The reason I wrote this is to encourage you to create something that works the way you do. Trying to accommodate yourself to the way some generic software wants you to perform will stymie you for the rest of your business life. The other reason to do this is, very few businesses stay the same day in and day out. When you create your own database you can change it as your business changes.

If you really do not feel you can do this, try to find someone in your local community to write the program for you or to assist you in getting started.
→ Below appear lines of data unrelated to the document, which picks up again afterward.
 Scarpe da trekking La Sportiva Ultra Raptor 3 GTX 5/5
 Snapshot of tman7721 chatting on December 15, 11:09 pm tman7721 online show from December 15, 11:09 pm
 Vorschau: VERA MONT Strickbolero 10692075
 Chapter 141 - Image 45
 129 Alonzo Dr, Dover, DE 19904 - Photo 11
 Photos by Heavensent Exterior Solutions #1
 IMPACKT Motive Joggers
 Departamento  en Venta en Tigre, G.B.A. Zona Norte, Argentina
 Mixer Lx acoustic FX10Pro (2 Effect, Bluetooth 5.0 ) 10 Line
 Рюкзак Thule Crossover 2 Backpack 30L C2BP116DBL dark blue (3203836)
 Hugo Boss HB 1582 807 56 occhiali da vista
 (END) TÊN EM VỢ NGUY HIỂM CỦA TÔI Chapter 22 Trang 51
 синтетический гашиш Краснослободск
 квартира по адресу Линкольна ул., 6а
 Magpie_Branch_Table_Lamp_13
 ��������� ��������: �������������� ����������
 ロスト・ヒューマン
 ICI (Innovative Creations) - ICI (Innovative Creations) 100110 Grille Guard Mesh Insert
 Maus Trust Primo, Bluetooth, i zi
 If you are a young person looking for an adventurous life, walk into businesses in your local community and ask how their software is working for them. I even wrote a few early databases for free to cut my teeth so to speak and for the experience (one of them wound up being my largest client). Once word gets out that you can do the above for businesses in your community you will have a great career and life.  



Comments (3)

I did exactly the same thing for several clients. It's the only way to get an end result that meets their needs. However beware of writing a program that is too specific to current needs. Make as much generic as possible so the program can grow and also so it can more easily be adapted to new clients with similar needs.
I have done much the same thing for clients in the engineering field.  Almost always they are running their business from spreadsheets.  The great advantage of spreadsheets is their ease of data input and flexibility.  I write Access databases that read the data from the spreadsheets and then analyse and report the data from Access.  The client can keep operating  while you are installing and debugging the system and the massive effort in writing user friendly data input forms is avoided.  Remote sites can email in their workbook daily.  By loading all the data from the workbook into Access, any backdated changes that the site has made will automatically be included.
The other interesting outcome I have noticed is that as my experience increased I made the system simpler, and as the system became simpler it also became more flexible.  The challenge is to find a simple way to code complex user requirements.

Great article, I am currently working for a client building their database in MS Access.  Hoping to find more customers in the next few months.